No siento lo mismo por los que marcharon al extranjero para rehuir a la justicia. Me ofende además que intenten equipararse a los exiliados de verdad que tuvimos. A la inmensa mayoría de aquellos, Franco únicamente podía reprocharles haber defendido la legalidad vigente. No es el caso de ahora; los huidos hicieron cosas y gozan de una confortabilidad vital nada comparable a la de quienes pasaron por Argelès.
¿Por qué vuelvo ahora a estas cosas? El engaño a la ilusión de quizá más de un millón de independentistas respetables está llegando al momento de la verdad, y se ve venir en las reyertas entre sus representantes. Algunos de los que lo cometieron -con mentiras, simplificaciones, temeridades y falta de respeto a la mayoría- ya han empezado a dar marcha atrás pero remoloneando y sin reconocer con nobleza su error y su responsabilidad. Se están quedando cortos. No soy de los que piden que se den golpes en el pecho pero sí que solicito que si son personalidades públicas tengan la valentía de rendir cuentas abiertamente. Me refiero a los políticos, pero también a los periodistas y tertulianos, que además miraron hacia otro lado cuando avanzó la eficacia de las listas negras para ayudarles a tener que confrontarse lo menos posible con quienes creían que aunque España no es un país ideal en esos momentos las prioridades de Catalunya eran otras.
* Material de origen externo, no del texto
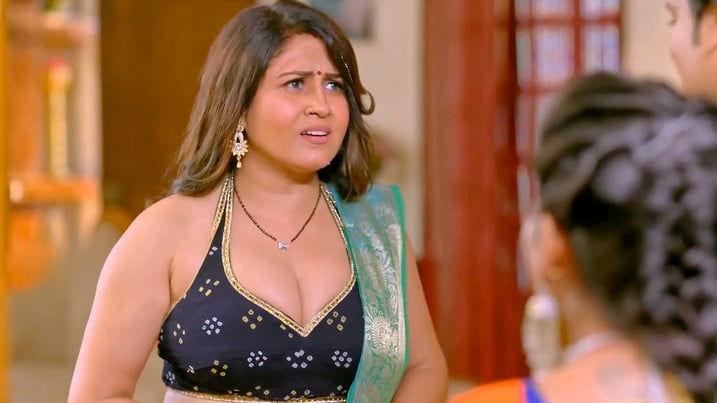 Savita Mami EP1 Hot Hindi Web Series Hulchul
Lo digo abiertamente porque no debemos ser ni flojos ni cornudos consentidores. Han pasado cosas muy graves y han de acabar las sonrisas educadas y los aplausos de cortesía a quienes merecen desprecio. Y lo merecen por no asumir de verdad lo que desencadenaron gente como Artur Mas. O por pedir perdón solo para cumplir dialécticamente, como es el caso de Jordi Pujol, que aludió a su corrupción económica personal pero no a que había dejado crecer en las juventudes nacionalistas la animosidad que ahora padece una parte de la Catalunya adulta. Y de los de delante es lo mismo que debemos hacer con Mariano Rajoy, el aparente bobito que por ganas de mandar y de durar en el cargo dejó que su lenta y larga desidia rompiese sin remedio la cristalería con la que aquí celebrábamos una razonable coexistencia.